Many Medieval merchants would keep contraband books of Arabic numerals, teaching the knowledge in secret, and signifying their confidential abilities with the mark of a simple "0", that unholiest of symbols.  It was the slow influx of this illicit knowledge that eventually led to a better arithmetical system as we know it today.


A painting by Masaccio, depicting an average 15th-century Physics PhD student at a social gathering.

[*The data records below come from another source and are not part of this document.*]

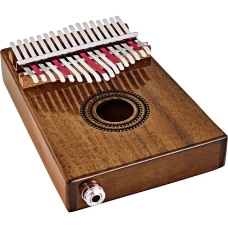 KALIMBA MEINL ACACIA PRO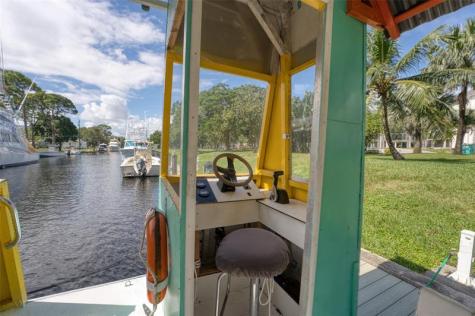 1301 River Reach Drive Fort Lauderdale FL 33315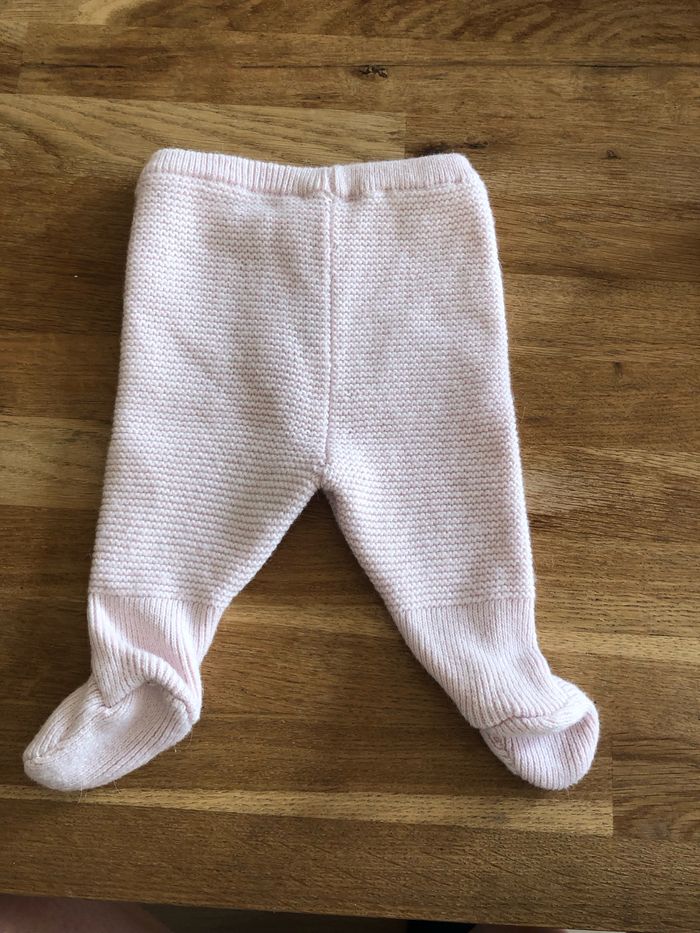 Pantalon Jacadi - photo numéro 3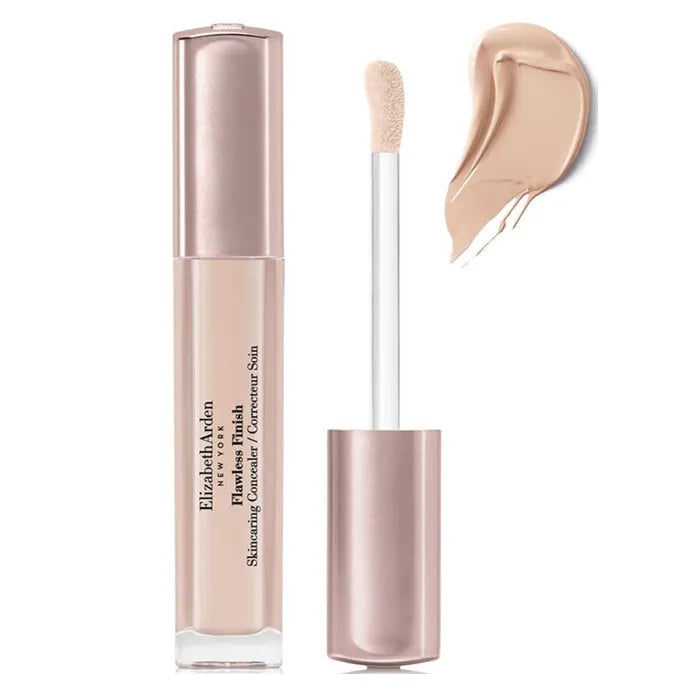 ELIZABETH ARDEN ELIZABETH ARDEN Flawless Finish Skincaring Concealer Farbton 215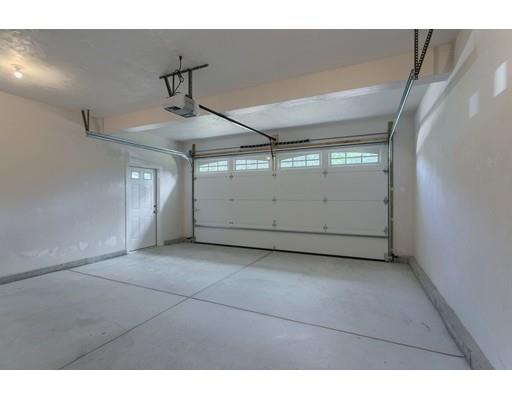 80 Whipple Road Billerica, MA 01821 - Photo 19 of 19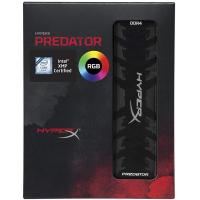 Модуль пам'яті Kingston HX432C16PB3A/8 Diawest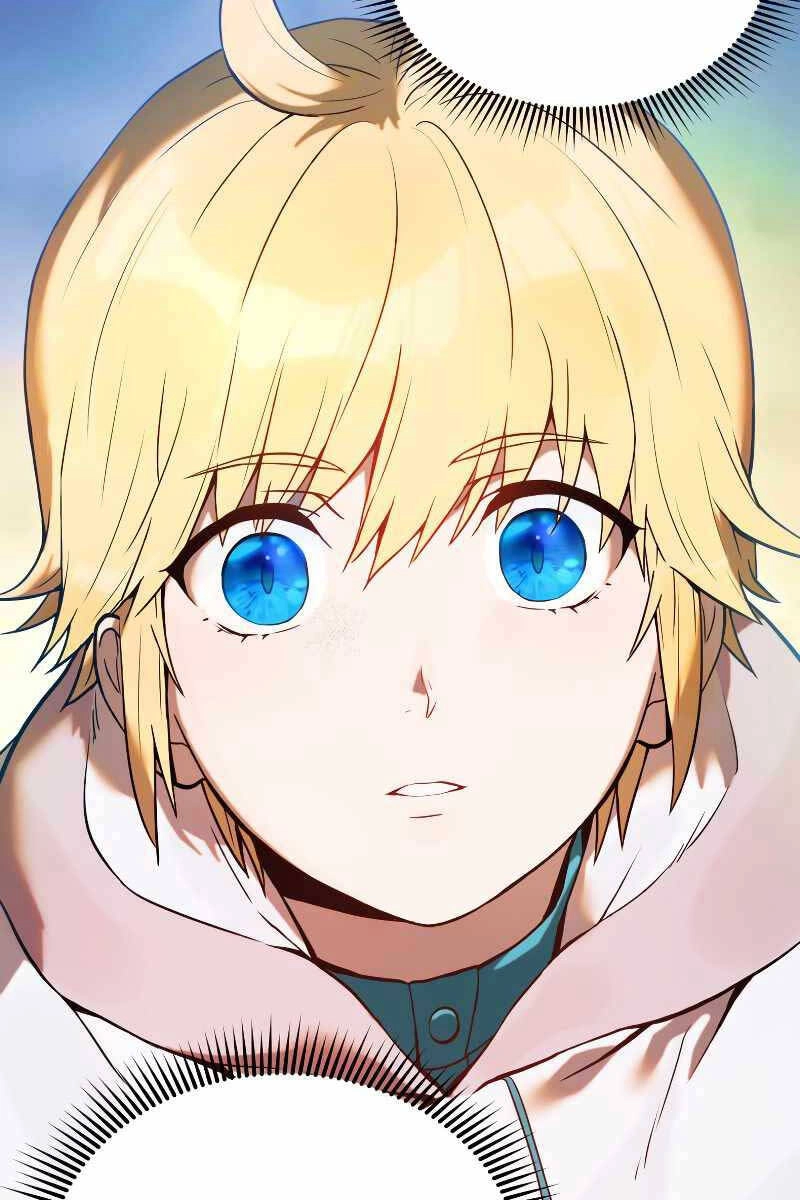 Hoàng Kim Pháp Sư Chapter 2 - 56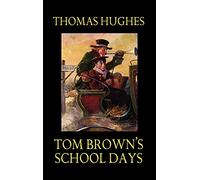 Tom Brown's School Days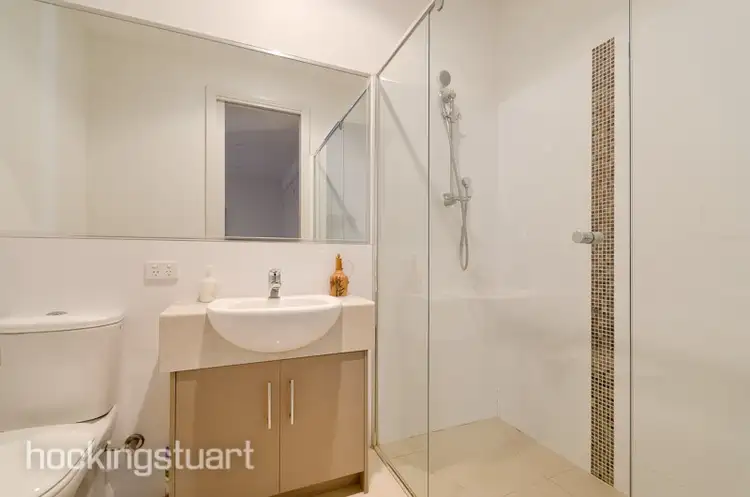 Sixth view of Homely villa listing, 3/5 Rosemore Road, Rosebud VIC 3939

But now let us imagine that you're an out-of-work mathematician living during this period.  How do you support yourself with few skills aside from your knowledge of arithmetic?  Why, you could travel from town to town, put out a hat, and do math tricks on the street for money.  Multiplying 27x14 in your head was considered just as entertaining as sword swallowing or juggling, and of course, fewer people could do it.**



(This post taken from the wonderful books, Lost Discoveries by Dick Teresi, and Ancient Inventions by Peter James and Nick Thorpe.)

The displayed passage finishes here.